Records for this task>
== Segment start ==

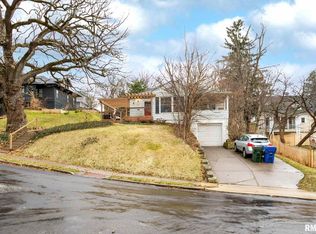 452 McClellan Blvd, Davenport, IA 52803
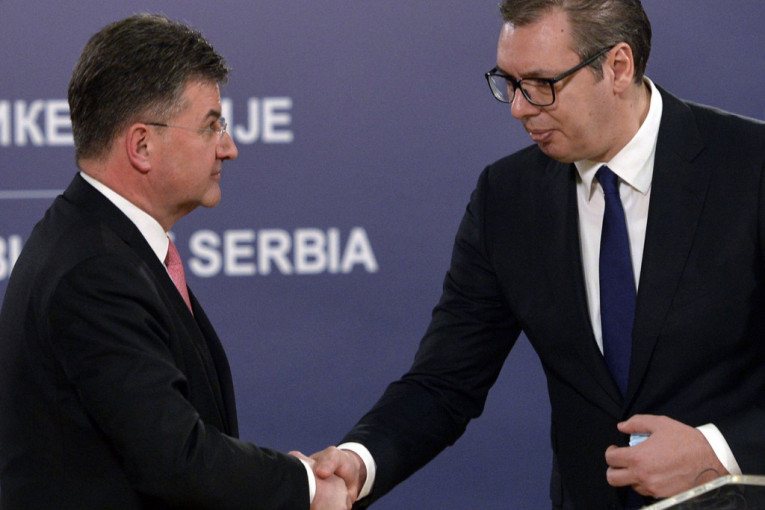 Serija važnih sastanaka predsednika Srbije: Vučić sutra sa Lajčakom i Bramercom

== Segment end ==
== Segment start ==

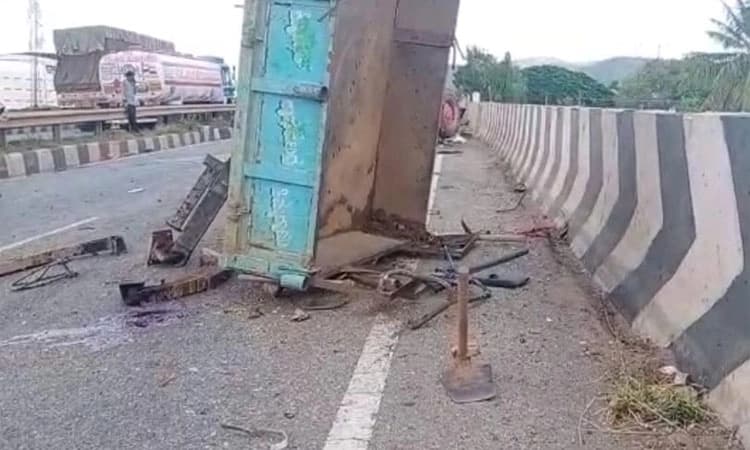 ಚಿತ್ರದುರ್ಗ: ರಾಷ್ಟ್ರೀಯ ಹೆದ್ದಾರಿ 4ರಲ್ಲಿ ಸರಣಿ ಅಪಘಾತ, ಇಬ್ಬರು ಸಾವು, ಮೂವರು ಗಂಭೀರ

== Segment end ==
== Segment start ==

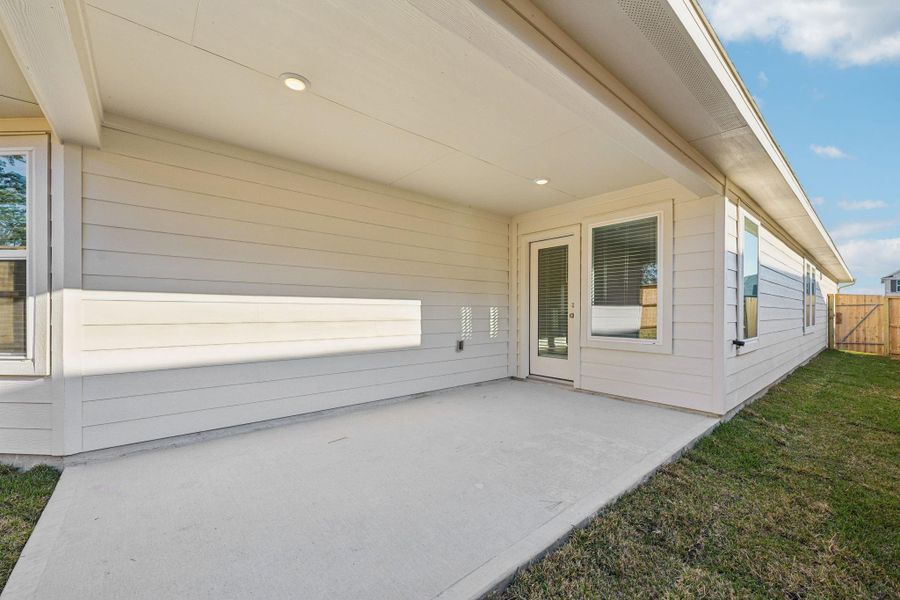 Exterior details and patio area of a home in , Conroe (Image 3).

== Segment end ==

Task objective>
Return word for word the lines of the listing above, starting at the line with "452 McClellan Blvd, Davenport, IA 52803" and ending at the line with "Serija važnih sastanaka", both included. Pictures do not belong in the copy.

Output of the exercise>
 452 McClellan Blvd, Davenport, IA 52803
 Serija važnih sastanaka predsednika Srbije: Vučić sutra sa Lajčakom i Bramercom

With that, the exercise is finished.